# Need Bib Alteration



## bestefar1 (Jul 22, 2008)

Wondering if anyone has had bike bib shorts altered? I need a the suspenders shortened a bit. TIA


----------



## JCavilia (Sep 12, 2005)

Should be easy. I don't wear bibs (just regular shorts), but I've altered many articles of my cycling clothing, including jerseys, shorts, tights, legwarmers, etc. If you don't have a sewing machine and the skills to do it yorself, any competent tailor should be able to handle it. Shortening bib suspenders is simpler than most alteration tasks.


----------



## velogirl (Oct 14, 2005)

any tailor should be able to do it for you.

if you have a shorter upper body (as most women do and some men do as well), I recommend purchasing women's bibs. the only significant difference is that the bib itself if shorter. of course, finding women's bibs retail is often a challenge.


----------



## Guest (Sep 23, 2009)

As noted should be easy, I would expect most anyone who can sew to be able to do it.
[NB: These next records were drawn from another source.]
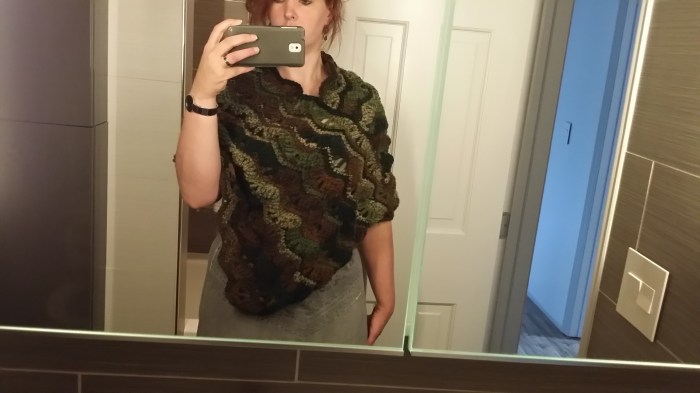 De nieuwe gehaakte omslagdoek!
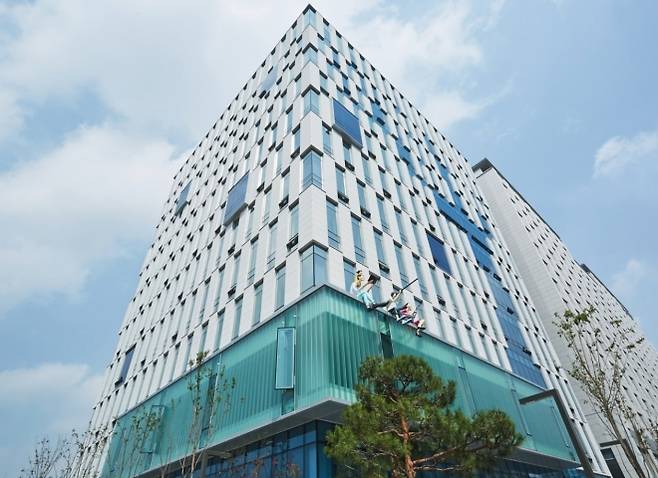 3일 서울신문 취재를 종합하면 출판사 좋은책신사고는 지난 16일 근속 5년 이상 직원 전원을 대상으로 한 명예퇴직 권고 공고를 냈다. 사진은 서울 강서구에 위치한 좋은책신사고 사옥의 모습. 전국언론노동조합 제공
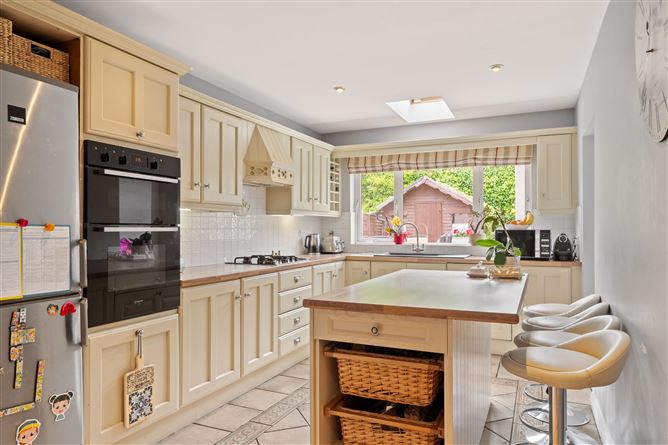 Photo 6 of 35 — 26 Priory Walk, Terenure,   Dublin 12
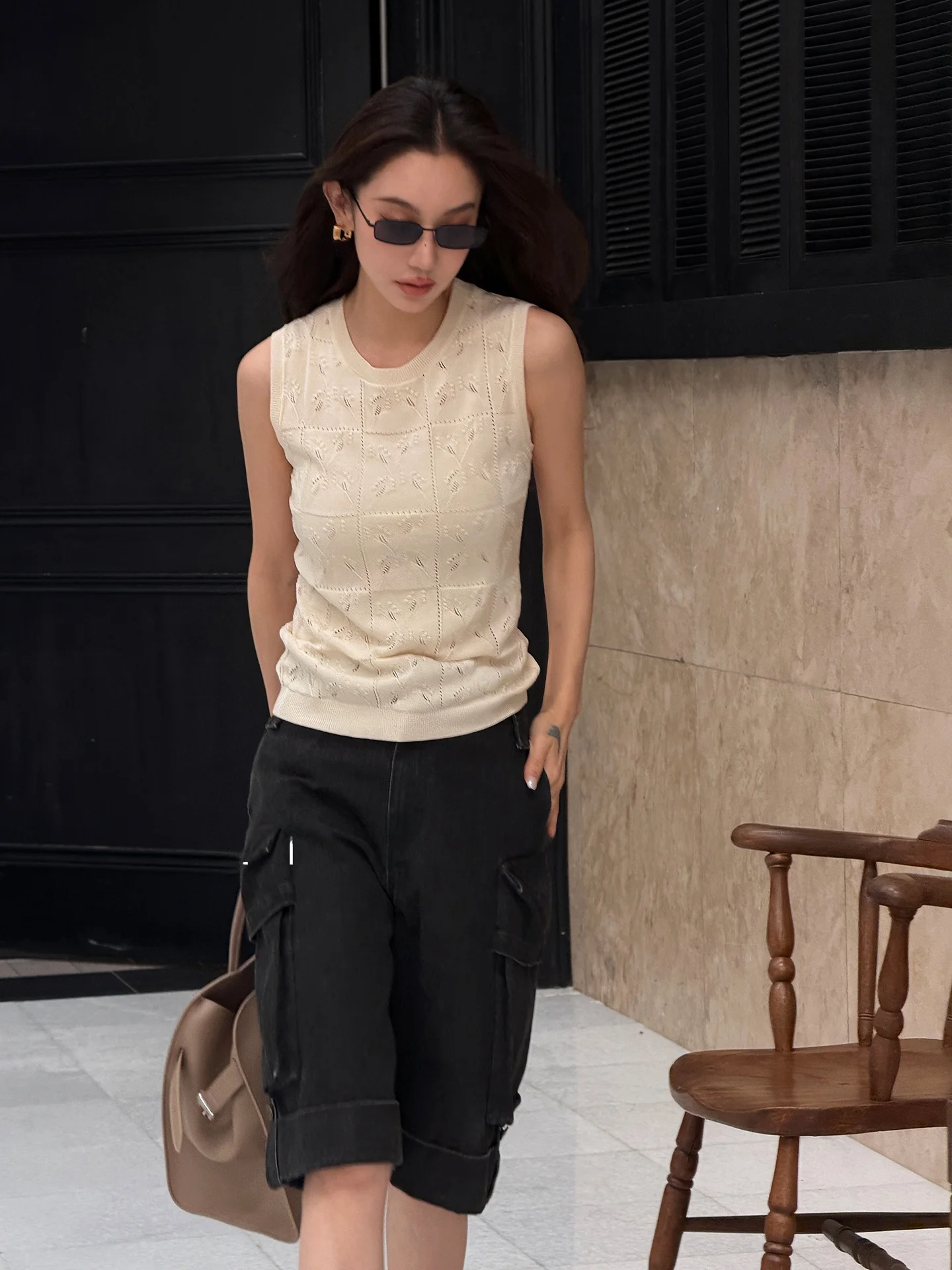 LiHuiEr Coast Thin Denim Shorts Five-Point Pants Women Summer Casual High Waist Wide Leg Cotton Breathable Zipper Pocket
LiHuiEr Coast Thin Denim Shorts Five-Point Pants Women Summer Casual High Waist Wide Leg Cotton Breathable Zipper Pocket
If I was doing it before I cut or permanently altered the straps I would just double them over to what I thought was the right length and hand stitch them enough to hold the fold in place. Then you can go out and ride them to see if the fit is what you want. If the extra fabric is bothersome then once you have the fit sorted you can do a cleaner more permanent modification.


----------



## wipeout (Jun 6, 2005)

Or just use a safety pin...


----------